From a given Unicode string I wanted to retrieve the list of code points that make up the string. To do so I copied the following example from Boost's character iteration example :
#include <boost/locale.hpp>
using namespace boost::locale::boundary;
int main()
{
boost::locale::generator gen;
std::string text = "To be or not to be";
// Create mapping of text for token iterator using global locale.

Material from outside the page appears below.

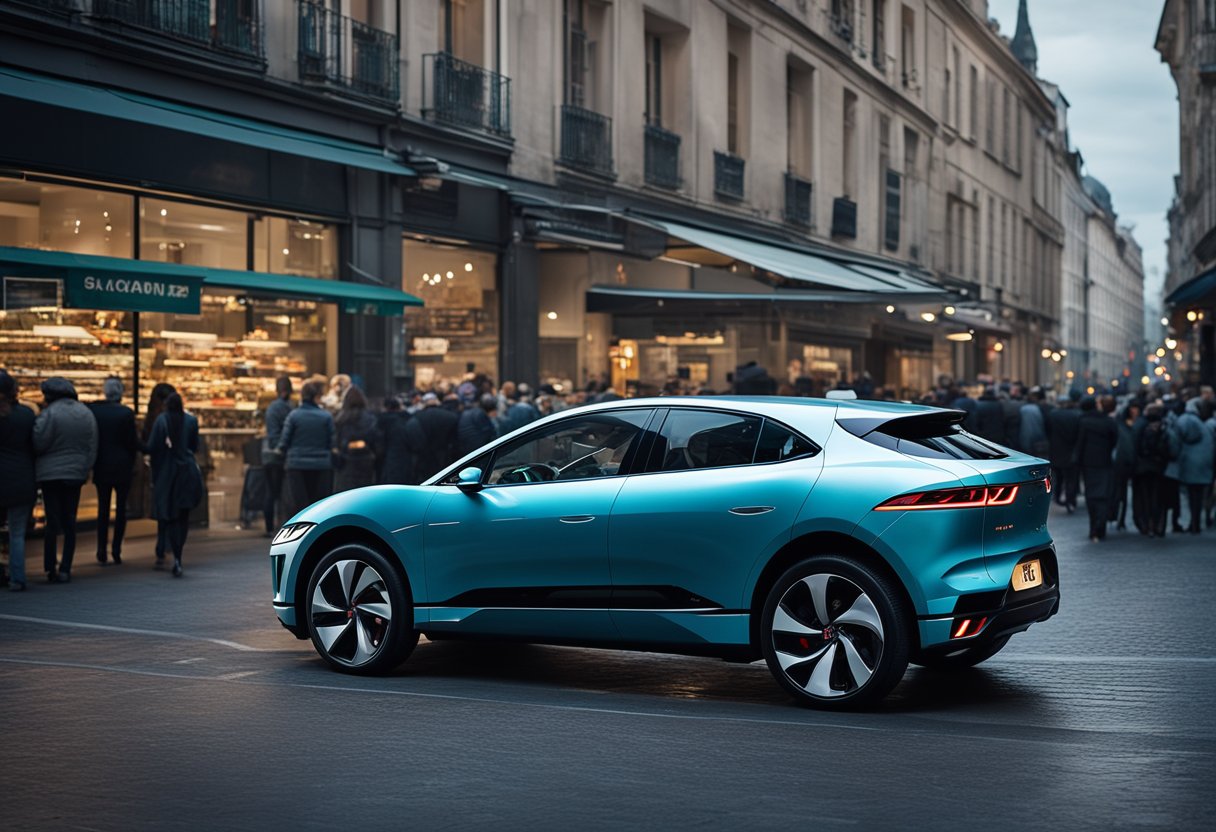 The Jaguar I-Pace glides through a bustling market, drawing admiring gazes and sparking excitement among onlookers. Its sleek lines and futuristic design make it appear like a rolling work of concept art come to life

ssegment_index map(character, text.begin(), text.end(), gen("en_US.UTF-8"));
// Print all "words" -- chunks of word boundary
for (ssegment_index::iterator it = map.begin(), e = map.end(); it != e; ++it) {
std::cout <<"\""<< * it << "\", ";
}
std::cout << std::endl;
return 0;
}
It returns me characters (which are different from code points as per Boost's documentation) like this :
"T", "o", " ", "b", "e", " ", "o", "r", " ", "n", "o", "t", " ", "t", "o", " ", "b", "e",
I read that using the to_unicode
function in boost::locale::util::base_converter class you can retrieve code points of a given string. But I am not sure how. I tried the following code, but no help:
for (ssegment_index::iterator it = map.begin(), e = map.end(); it != e; ++it) {
std::cout << "\"" << * it << "\", ";
boost::locale::util::base_converter encoder_decoder;
virtual uint32_t test1 = encoder_decoder.to_unicode(it->begin(), it->end() );
}
It returns 'Type mismatch' error. I think the parameters of to_unicode()
function must be something different
I am considering to use only Boost to retrieve code points than existing solutions like here or here because Boost provides lots of useful functions to identify line breaks, word breaks, etc in all sorts of languages.